### Your goal
Give exactly the lines from the one that contains "Climber on the" through the end of the entries below, both included; the pictures stay out.

### Data excerpts
╭──
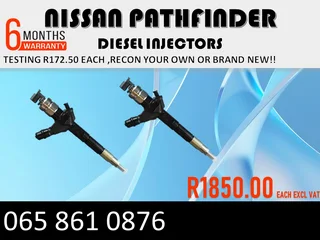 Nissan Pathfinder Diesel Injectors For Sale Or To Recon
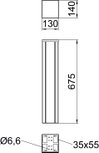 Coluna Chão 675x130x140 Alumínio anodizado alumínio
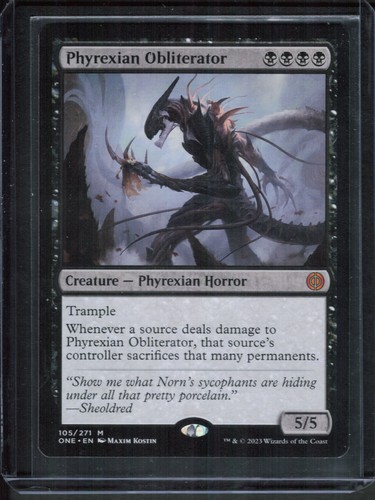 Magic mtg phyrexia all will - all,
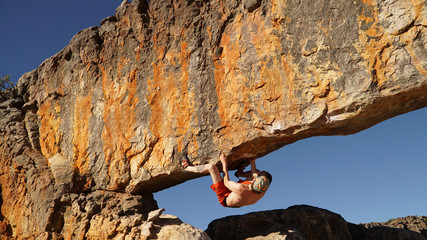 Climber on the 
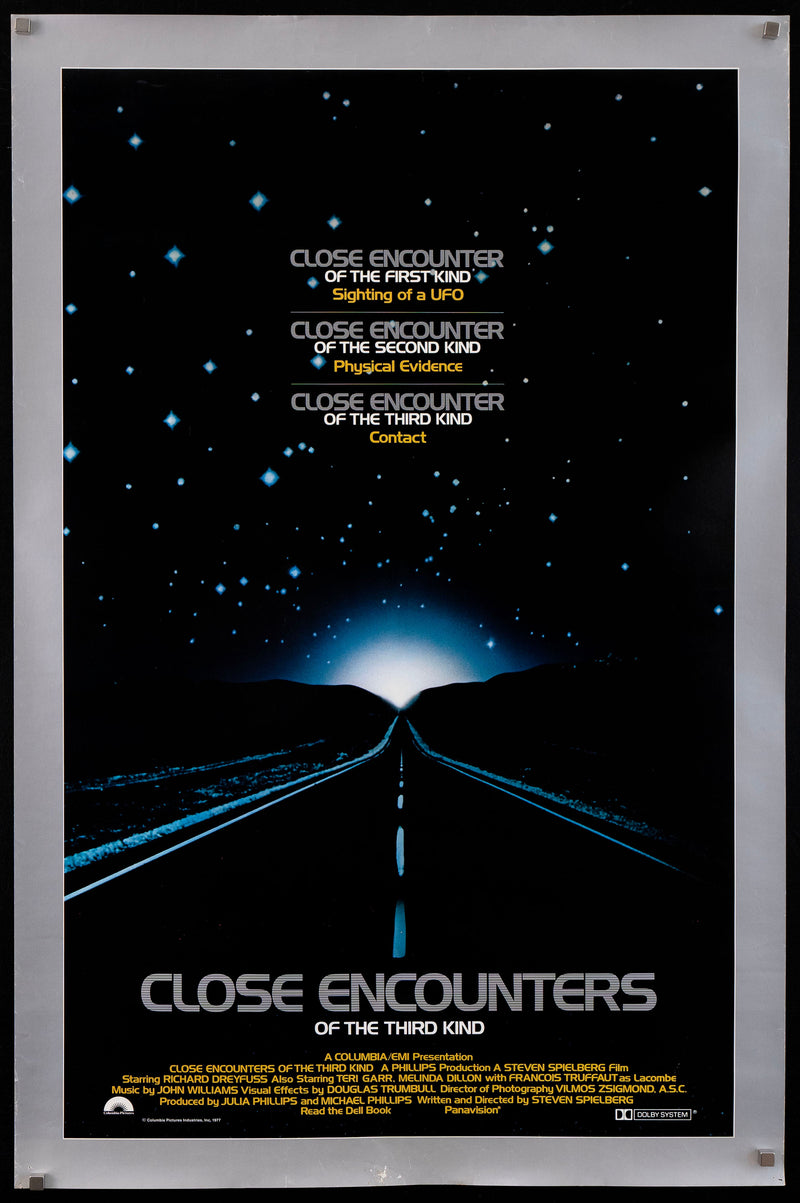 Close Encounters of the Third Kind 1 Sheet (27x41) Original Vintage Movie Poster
╰──
### Answer for the task
 Climber on the 
 Close Encounters of the Third Kind 1 Sheet (27x41) Original Vintage Movie Poster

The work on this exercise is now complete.